Artificial Intelligence Helps Woman Speak Again After Stroke
For the first time in many years of silence, 48-year-old Anne Johnson has regained her ability to speak with the help of AI, which converts her brain signals into words and facial expressions.
This was reported by the New York Post.
Johnson is a wife and mother of two children, who previously worked as a math teacher and volleyball and basketball coach in Saskatchewan, USA.
One day, she suffered a stroke that completely paralyzed her body and took away her ability to speak.
Doctors at the University of California, San Francisco, implanted 253 electrodes into the woman's brain and connected them to a computer through a small port attached to Johnson's head.
The electrodes are placed in the part of the brain responsible for speech. The sensors detect brain impulses and send them to the computer. As a result, an avatar chosen by Johnson herself appears on the monitor.
The avatar voices the woman's thoughts using a voice generated by AI based on a 15-minute speech recording that Johnson once gave at her own wedding.

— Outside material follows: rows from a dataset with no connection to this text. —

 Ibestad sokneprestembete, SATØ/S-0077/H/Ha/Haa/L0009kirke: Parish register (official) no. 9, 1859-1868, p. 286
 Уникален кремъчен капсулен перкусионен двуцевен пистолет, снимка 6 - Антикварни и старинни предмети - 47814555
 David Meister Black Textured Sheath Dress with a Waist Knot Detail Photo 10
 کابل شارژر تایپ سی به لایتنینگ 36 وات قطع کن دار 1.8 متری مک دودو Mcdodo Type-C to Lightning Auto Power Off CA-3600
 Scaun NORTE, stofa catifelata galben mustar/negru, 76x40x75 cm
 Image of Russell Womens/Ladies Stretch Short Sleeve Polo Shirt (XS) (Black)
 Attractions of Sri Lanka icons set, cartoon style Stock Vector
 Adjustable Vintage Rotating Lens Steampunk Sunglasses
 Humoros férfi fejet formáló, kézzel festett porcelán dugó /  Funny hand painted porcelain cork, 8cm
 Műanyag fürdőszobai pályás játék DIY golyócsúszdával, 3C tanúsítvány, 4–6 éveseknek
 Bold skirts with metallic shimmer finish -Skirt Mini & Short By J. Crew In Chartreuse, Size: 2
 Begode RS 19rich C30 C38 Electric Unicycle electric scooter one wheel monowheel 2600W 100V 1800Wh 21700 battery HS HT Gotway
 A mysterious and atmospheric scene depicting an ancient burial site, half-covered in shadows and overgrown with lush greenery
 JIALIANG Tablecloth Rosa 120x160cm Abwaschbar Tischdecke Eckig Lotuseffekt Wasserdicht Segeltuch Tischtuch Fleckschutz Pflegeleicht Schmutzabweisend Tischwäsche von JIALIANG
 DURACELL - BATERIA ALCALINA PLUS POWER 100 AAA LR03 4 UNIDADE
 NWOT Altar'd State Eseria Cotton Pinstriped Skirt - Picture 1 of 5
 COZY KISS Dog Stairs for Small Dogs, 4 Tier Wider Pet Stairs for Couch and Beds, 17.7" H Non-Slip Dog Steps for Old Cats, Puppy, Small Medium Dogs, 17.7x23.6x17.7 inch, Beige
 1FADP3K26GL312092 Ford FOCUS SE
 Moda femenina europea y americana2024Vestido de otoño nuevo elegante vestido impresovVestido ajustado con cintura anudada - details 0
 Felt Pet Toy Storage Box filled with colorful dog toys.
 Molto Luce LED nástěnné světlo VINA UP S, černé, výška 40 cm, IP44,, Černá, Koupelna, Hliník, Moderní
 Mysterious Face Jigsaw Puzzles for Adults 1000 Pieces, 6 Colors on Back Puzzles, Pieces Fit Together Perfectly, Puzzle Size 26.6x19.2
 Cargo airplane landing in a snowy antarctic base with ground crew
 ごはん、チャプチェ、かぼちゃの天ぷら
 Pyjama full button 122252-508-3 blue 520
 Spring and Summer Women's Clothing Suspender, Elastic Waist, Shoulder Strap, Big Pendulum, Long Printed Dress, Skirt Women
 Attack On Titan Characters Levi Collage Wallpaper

In addition, the avatar is capable of reproducing certain facial expressions - variations of glances and different facial expressions, such as a smile, clenched lips, or raised eyebrows.
To teach the AI to recognize words, Joan had to mentally repeat various phrases from a 1024-word dictionary. The AI recorded brain activity and was able to establish a connection between brain impulses and individual expressions from the dictionary.
Subsequently, the AI learned to distinguish phonemes - individual speech units. Now it recognizes 39 phonemes, allowing it to "decode thoughts" from Joan at a speed of about 80 words per minute, which sounds quite natural.
"We are simply trying to restore people as they are," said Dr. Edward Chang, head of the Department of Neurological Surgery at the University of California, San Francisco.
Dr. Chang has been working on the "brain-computer" project for more than ten years. Currently, the scientist and his team are developing a wireless version of the device that will help people communicate freely without physically connecting to computers.
Recall that recently it became known that US scientists managed to reproduce Pink Floyd's track "Another Brick in the Wall" using impulses obtained from the upper temporal part of the brain.
For the experiment, 29 volunteers who listened to music and had a system of electrodes - sensors - implanted in their brains were involved.
In 2022, the "smart" prosthesis Esper Hand entered the list of the best inventions of humanity according to Time magazine. This is the development of the Ukrainian startup Esper Bionics, which uses the same principle.
"Over the next 30 years, the most important technology will be electronics inside the human body," says co-founder and CEO of Esper Bionics, Dmytro Gazda.
The exchange of information between the device and the human brain is done through a brain-computer interface. Thanks to DSP - digital signal processing - data is transmitted to the cloud and analyzed.
Over time, the prosthesis begins to "understand" frequently repeated algorithms of human movements and learns to predict them, helping the owner to use the prosthesis intuitively.